In the aftermath of Fukushima, Germany’s renewable energy sources rise 20%
The worldwide implications for nuclear power advocates in light of the 11 March disaster at Japan’s Daichi Fukushima nuclear complex, battered first by an earthquake and a subsequent tsunami, are slowly unfolding.
Nations committed to nuclear power are being subjected to a relentless PR barrage by nuclear construction firms, who stand to lose billions if current contracts are suspended or, even worse, cancelled.
Despite the bland reassurances of the nuclear power industry that “it can’t happen here,” in Europe, Italy has canceled plans to construct nuclear reactors, while Germany’s Bundestag last month passed a resolution to close all 17 of the nation’s nuclear power plants. Seven NPP plants were immediately shuttered with the remainder to be passed out by 2022.
So, where to go for the juice?
Shifting gears since the beginning of the year, a trend accelerated by Japan’s Fukushima debacle, in a statement released by the German Association of Energy and Water Industries (BDEW), commenting on renewable energy input to the country’s national grid since January, “Renewable energies have crossed the 20 percent mark in Germany for the first time.” Last year, Germany’s green energy consumption totaled 18.3 percent of total demand.
Following Fukushima, German Chancellor Angela Merkel said that her government’s goal was to draw 35 percent of production from renewable energy sources by 2022. While Germany’s total energy consumption remained stable at 2010 levels of 275.5 billion kilowatt-hours, energy from sources like wind, biomass, hydroelectric plants, solar panels and waste incineration rose to 57.3 billion kilowatt-hours in the first six months of 2011.
Wind power, Germany’s most important renewable energy source at present, rose to 20.7 billion kilowatt-hours of total usage, with biomass contributing 5.6 percent, solar 3.5 percent and hydroelectric power a modest 3.3 percent.
Germany’s new energy policies will depend on the installation of new renewable power capacities with an amendment to the Renewable Energies Act stipulating the doubling of the nation’s share of green power to 35 percent minimum no later than 2020 with an especial emphasis on offshore wind farms.
While these figures are still modest, they conceal an immense but simple truth.
One of the world’s most advanced economies has reviewed its commitment to nuclear energy, which accounted for 23 percent of national electricity consumption, and decided to abandon it, a not insignificant commitment, as its first NPP came online in 1969.

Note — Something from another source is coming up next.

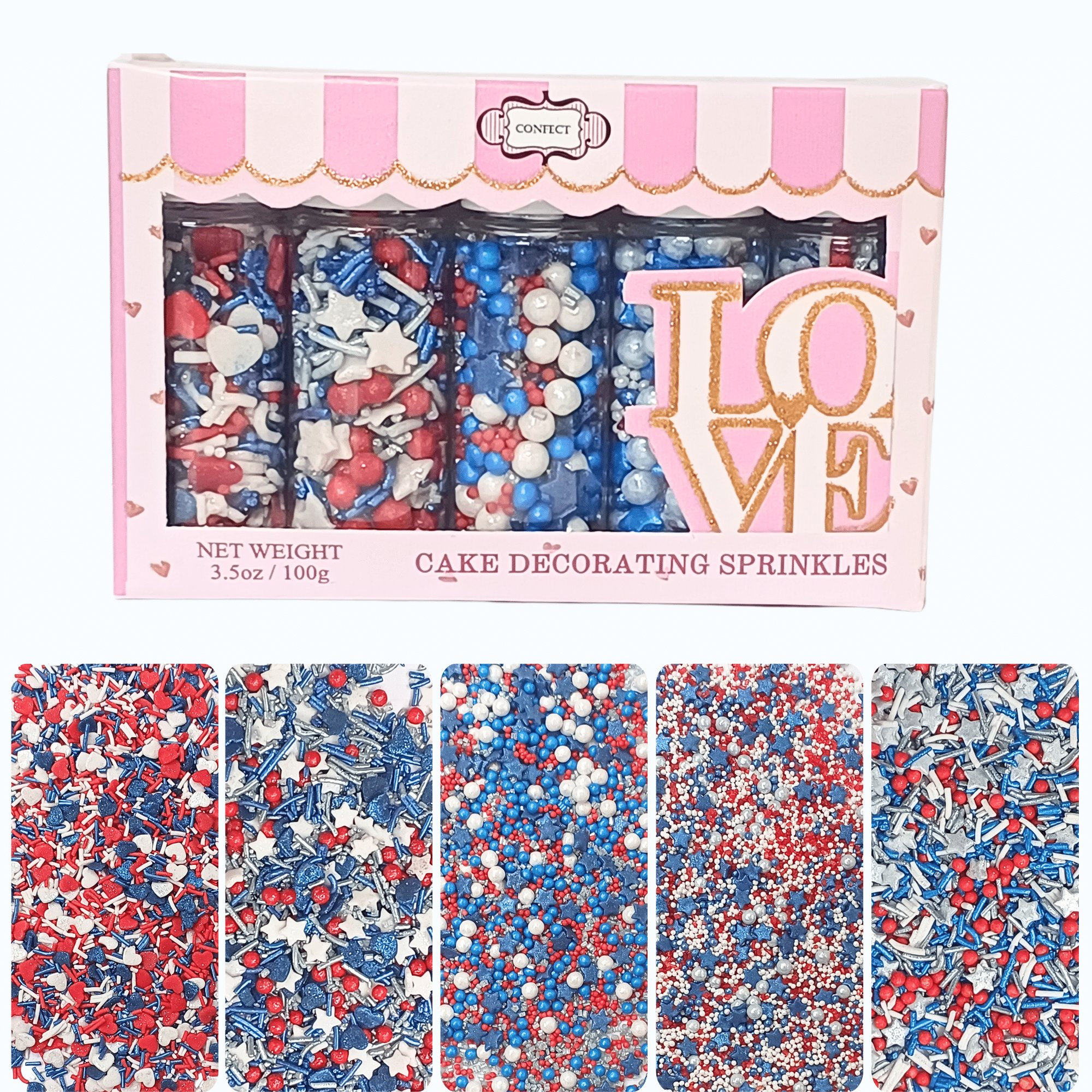 confect edible patriotic sprinkles mix heart star sprinkles for cake cupcake decorations pack of 5 j4 03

Even more extraordinary, the decision was made not on the basis of an in-country disaster, but watching the experience of others. As Japan is one of the world’s leading technological states and yet was subjected to the Fukushima disaster, Berlin obviously concluded that engineering cannot factor out every natural random event. Like Japan, Germany is a densely populated state, and a nuclear incident and its attendant debris was obviously adjudged as not worth the risk.
Looking at the transition not as a debacle but an opportunity, Chancellor Merkel said that the closure of Germany’s NNP installations, previously scheduled to be shuttered as late as 2036, would give Germany a competitive advantage in the development of renewable energy, commenting, “As the first big industrialized nation, we can achieve such a transformation toward efficient and renewable energies, with all the opportunities that brings for exports, developing new technologies and jobs.”
The consequences of Fukushima on the world’s multi-trillion dollar civilian nuclear energy industry have yet to play out. But some broad issue outlines are becoming clear.
While Germany’s prosperity is unmatched in Europe, which allows it to pursue other energy alternatives, other EU nations will undoubtedly be more circumspect in reviewing their nuclear programs.
Given the German decision however, it seems likely that nuclear energy companies will redouble their efforts in developing countries short of energy, including Turkey, Lithuania, Bulgaria, China and India, trotting out the usual panaceas about zero greenhouse gas emissions, reactor redesign, etc. etc. etc.
Energy deficit countries will be faced with tough calls – build a nuclear plant in 2-3 years and resolve some energy issues, or await Germany’s transition to alternatives.
Much is riding on Berlin’s efforts, but what the future will look like is anyone’s guess, and the global nuclear lobby is most unlikely to go quietly into that gentle night.